General Layout & Features
The base consists of two main underground structures connected by a 120' long tunnel. The underground structures are constructed of heavy, re-bar reinforced concrete with 18" thick ceilings and walls and a 3' layer of earth covering them. There is approximately 15,000 square feet of floor space with minimal stairs.
Launch Control Building
This building is entirely underground and measures 54' x 90' (4,900 plus square feet of floor space), with a ceiling height of 15'. There is an escape hatch and an equipment "plug" that can be removed and replaced with a skylight. Air ventilation shafts and a sewage pump are part of the original design.
Launch Service Building (LSB) actually a set of three large rooms:
The Launch Service Equipment Area is accessed by the tunnel from the LCB. It is 45'x104' with 14.5' ceilings. It has drains and two escape hatches. The Missile Bay itself is approximately 30' w x 100' l with 20' ceiling. It lies to the east of the LSB and had drive-in access via a 47-ton, motor-operated, rolling blast door (20'w x 18't). These doors may or may not be in-place or operable today. Originally, the missile was backed into the missile bay through this door and stored horizontally. The missile bay was covered by a 400-ton, motor-operated door that would be rolled horizontally on tracks to open the missile bay (shown at left). Depending on the site, this door may or may not be in place, and is most likely not operable. At launch, the missile was erected to vertical with a large crane. Beneath the missile, towards the rear of the Missile Bay, is a large blast pit, which redirects the fiery rocket blast outside of the underground structure. The easternmost room in the LSB is the Oxygen Room, where liquid oxygen was stored and managed. It is 18'w x 72' l with a 10' ceiling. Several smaller rooms for specialized purposes can be found through the Launch Service Building.

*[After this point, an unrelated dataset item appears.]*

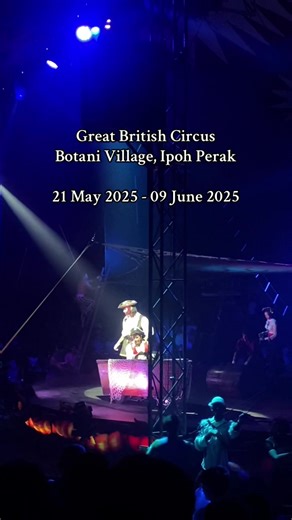 Great British Circus: Legend Of The Sea in Ipoh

With the Atlas E configuration, the plot size varies from 15-30 acres. Most sites have water wells. Surrounding the perimeter an 8' high-security chain link fence topped with barbed wire was installed. An antenna silo (20' deep x 8' diameter) exists on the grounds. Two Quonset buildings were included on-site, and although most of the buildings themselves have been removed, the concrete pads usually remain. Many Atlas Es also include a 1200' grass airstrip.